Estaban sentados en la cocina. Tómas y Mikkelína estaban jugando. Dave había pasado el día con ellos pero ya había regresado al almacén. La pregunta había estado en el aire todo el verano. Los niños habían hablado del asunto entre ellos y habían imaginado una multitud de posibilidades, que siempre acababan otorgando a Dave el papel de padre y echando a Grímur, a quien no querían volver a ver nunca más.
– ¿Qué quieres decir con eso de qué pensamos hacer? -preguntó la madre.
– Cuando él vuelva -dijo Símon.
Mikkelína y Tómas dejaron de jugar y se quedaron mirándole.

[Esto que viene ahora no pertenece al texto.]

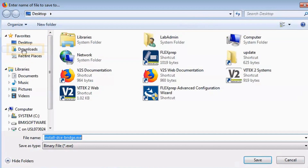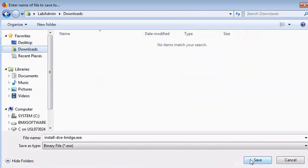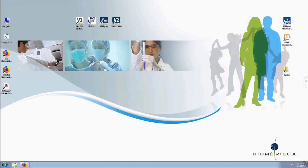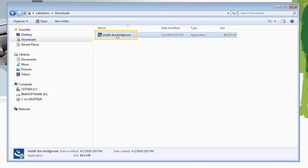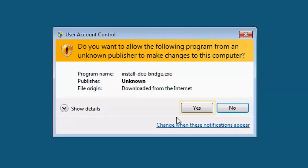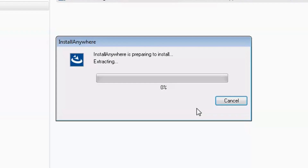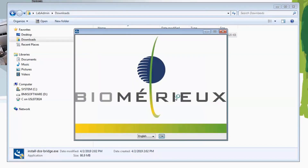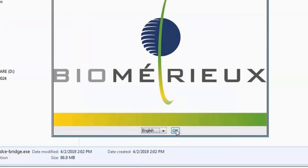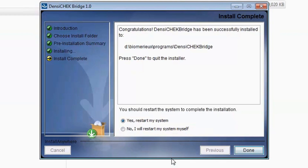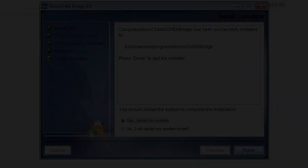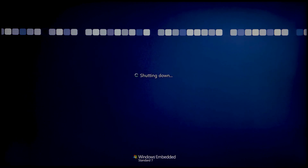The file will download into the Downloads folder. Navigate to the Downloads folder. Locate the Install DCE Bridge file and double-click it to execute the file installation. If the User Account Control warning appears, click Yes. Select your corresponding language from the drop-down and click OK. The Densichek Bridge 1.0 Install Wizard launches. When the 'Congratulations, Densichek Bridge has been successfully installed' message appears, keep the default setting with Yes, Restart my system pre-selected, and click Done. If the computer does not restart automatically, restart the computer from the desktop to complete the install.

– Hay tiempo de sobra para pensar en eso -dijo su madre-. De momento no va a regresar.
– Pero ¿qué piensas hacer tú?
Mikkelína y Símon miraron a su madre.
Ella miró a Símon y luego a Mikkelína y Tómas.
– Él nos ayudará -respondió ella.
– ¿Quién? -dijo Símon.
– Dave. Él piensa ayudarnos.
Símon miró a su madre intentando comprender lo que pasaba por su cabeza.